WASHINGTON – Sen. John McCain has long had a reputation as a political maverick. But with the rise of a president who has vowed to shatter the old order, McCain has emerged as an outspoken defender of long-standing Republican verities on foreign policy and as one of his party’s most biting critics of the new commander in chief.
Newly re-elected to a six-year term and eager to wield the megaphone that comes with the chairmanship of the powerful Armed Services Committee, McCain has repeatedly pushed back on the White House’s national security policies in its first weeks.
In a star turn at a security conference in Munich on Friday, he delivered a forceful critique of President Donald Trump’s “America First” vision before a receptive audience of experts and allied officials worried about American drift from a seven-decade-old Western alliance.
“Make no mistake, my friends, these are dangerous times,” McCain said. “But you should not count America out, and we should not count each other out.”
Nor did McCain hesitate to puncture Trump’s insistence that his White House is operating like a “fine-tuned machine.” “In many respects, this administration is in disarray, and they’ve got a lot of work to do,” he said.
A day later, in an interview for “Meet the Press,” McCain challenged Trump’s contention that the news media is “the enemy of the American people.” “The first thing that dictators do is shut down the press,” he said, adding that while he was not calling the president a dictator, “we need to learn the lessons of history.”
For a senator who supports free trade, backs NATO, remains deeply suspicious of Russian intentions and has favored an assertive foreign policy, including the war in Iraq, the differences with Trump have been profound.
“The principles that Senator McCain has espoused have animated American foreign policy for decades,” said Richard Fontaine, a former foreign policy adviser to McCain who serves as president of the Center for a New American Security, a policy research center. “It’s the political context in Washington that has changed.”
But there seems to be a personal element, too, particularly on the part of Trump. The tensions go back to the Republican primaries, when Trump offered a belittling rejoinder to McCain’s remark that the candidate’s immigration policies had attracted “crazies.”

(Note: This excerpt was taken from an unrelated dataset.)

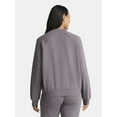 thumbnail image 2 of Athletic Works Women's Zip Front Fleece Bomber Jacket, Sizes XS-XXXL, 2 of 5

“I like people that weren’t captured,” Trump said of McCain, 80, who was held for more than five years as a prisoner of war in Vietnam and was tortured while in captivity.
After Trump won the Republican nomination, McCain walked a fine line while campaigning for re-election. The senator did not attend the Republican National Convention but said he would back his party’s nominee. He then withdrew that support in October after a recording was disclosed in which Trump made lewd comments about women.
Immediately after Trump’s election, McCain held his fire and appeared determined to let the new administration take shape. “I will not talk about Donald Trump,” he said in November.
But after weeks in which the White House has blindsided the public, and sometimes much of the government, with executive orders and sent mixed messages on major foreign policy issues, McCain has let loose.
Denouncing Russia for “interfering” in the presidential election, McCain has called for the formation of a select Senate committee to investigate the Kremlin’s cyberactivities. He has also chastised Trump for a comment in which he seemed to equate the actions of President Vladimir Putin of Russia with those of the United States. “That moral equivalency is a contradiction of everything the United States has ever stood for in the 20th and 21st centuries,” McCain said on “Meet the Press.”
Along with Sen. Lindsey Graham, R-S.C., he has criticized Trump’s executive order on travel from seven predominantly Muslim countries as a “self-inflicted wound” that would alienate Muslim partners in the fight against extremists.
After reports surfaced that Trump had engaged in a heated phone call with Australia’s prime minister, McCain placed his own call to Joe Hockey, Australia’s ambassador to Washington, and then put out a statement noting that he had underscored “unwavering support for the U.S.-Australian alliance.”
McCain said Trump’s decision to withdraw from the Trans-Pacific Partnership, a vast trade deal, “creates an opening for China.” He has also warned the White House against trying to use torture as an interrogation technique, pointing out that legislation he sponsored in 2015 made those techniques illegal.
And while he is a strong supporter of two retired Marine generals in the administration — Jim Mattis, the defense secretary, and John Kelly, the homeland security secretary — he was the lone Republican to vote against Mick Mulvaney, Trump’s pick for budget chief.
On the Senate floor, McCain said that Mulvaney had supported military spending cuts that seriously weakened the armed forces. McCain has also complained loudly about the role of Steve Bannon, the president’s chief political strategist, on the National Security Council.
All this blunt talk has not come without some pushback. This month, Trump blasted McCain for his criticism of a risky special operations raid in Yemen in which a Navy SEAL was killed. “He’s been losing so long he doesn’t know how to win anymore,” Trump said on Twitter.
Sen. Rand Paul, R-Ky., said on Sunday that McCain had a “personal dispute” with Trump and criticized what he called the senator’s eagerness to use military force. “I would say John McCain has been wrong on just about everything over the last four decades,” Paul said on the ABC News program “This Week.” “We’re very lucky John McCain’s not in charge because I think we’d be in perpetual war.”
If the opening month of the administration is any indication, there may be perpetual conflict — between senator and president.